__REQUIRED WORK__.
Lines in the listing below containing the string "background" are to be identified and copied.

__SUPPLIED RECORDS__.
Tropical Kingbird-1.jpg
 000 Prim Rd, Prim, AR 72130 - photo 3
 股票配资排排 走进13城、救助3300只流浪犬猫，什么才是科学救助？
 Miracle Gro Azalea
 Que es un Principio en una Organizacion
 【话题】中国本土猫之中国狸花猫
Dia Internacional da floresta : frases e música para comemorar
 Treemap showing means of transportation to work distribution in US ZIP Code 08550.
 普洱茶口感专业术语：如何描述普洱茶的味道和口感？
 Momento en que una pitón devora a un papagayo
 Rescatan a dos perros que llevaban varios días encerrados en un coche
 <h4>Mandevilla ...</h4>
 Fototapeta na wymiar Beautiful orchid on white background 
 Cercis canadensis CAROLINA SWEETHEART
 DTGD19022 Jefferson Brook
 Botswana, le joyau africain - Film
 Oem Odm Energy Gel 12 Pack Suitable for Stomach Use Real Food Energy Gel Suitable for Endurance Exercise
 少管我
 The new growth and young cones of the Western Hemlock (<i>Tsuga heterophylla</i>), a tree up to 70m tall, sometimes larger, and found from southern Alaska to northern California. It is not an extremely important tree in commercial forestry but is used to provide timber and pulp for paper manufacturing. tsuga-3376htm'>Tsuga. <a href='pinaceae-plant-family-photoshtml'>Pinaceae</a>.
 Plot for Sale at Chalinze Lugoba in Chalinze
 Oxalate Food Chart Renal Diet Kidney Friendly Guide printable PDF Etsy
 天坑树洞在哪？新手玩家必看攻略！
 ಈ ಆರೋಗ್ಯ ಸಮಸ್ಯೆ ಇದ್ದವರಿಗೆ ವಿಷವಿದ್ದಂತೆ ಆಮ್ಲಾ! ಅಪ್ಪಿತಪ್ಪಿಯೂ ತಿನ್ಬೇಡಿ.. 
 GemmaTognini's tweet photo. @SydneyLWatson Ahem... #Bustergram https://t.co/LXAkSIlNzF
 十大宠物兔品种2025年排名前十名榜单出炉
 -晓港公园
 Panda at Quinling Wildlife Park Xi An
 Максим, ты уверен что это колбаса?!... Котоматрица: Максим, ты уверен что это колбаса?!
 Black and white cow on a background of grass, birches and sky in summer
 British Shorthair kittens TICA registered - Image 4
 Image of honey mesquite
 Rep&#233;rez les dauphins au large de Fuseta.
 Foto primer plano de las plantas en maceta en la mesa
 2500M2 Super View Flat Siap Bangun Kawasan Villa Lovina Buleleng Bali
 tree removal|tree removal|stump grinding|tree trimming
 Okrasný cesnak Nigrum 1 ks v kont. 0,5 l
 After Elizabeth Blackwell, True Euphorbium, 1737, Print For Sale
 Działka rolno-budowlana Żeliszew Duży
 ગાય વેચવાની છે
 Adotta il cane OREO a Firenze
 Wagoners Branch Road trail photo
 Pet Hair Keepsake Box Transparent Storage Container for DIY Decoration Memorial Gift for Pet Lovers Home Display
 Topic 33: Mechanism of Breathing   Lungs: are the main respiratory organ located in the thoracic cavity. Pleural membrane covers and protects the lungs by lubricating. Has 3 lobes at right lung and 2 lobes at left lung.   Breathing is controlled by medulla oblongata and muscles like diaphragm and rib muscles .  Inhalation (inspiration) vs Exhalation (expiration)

__ANSWER SPACE__.
 Fototapeta na wymiar Beautiful orchid on white background 
 Black and white cow on a background of grass, birches and sky in summer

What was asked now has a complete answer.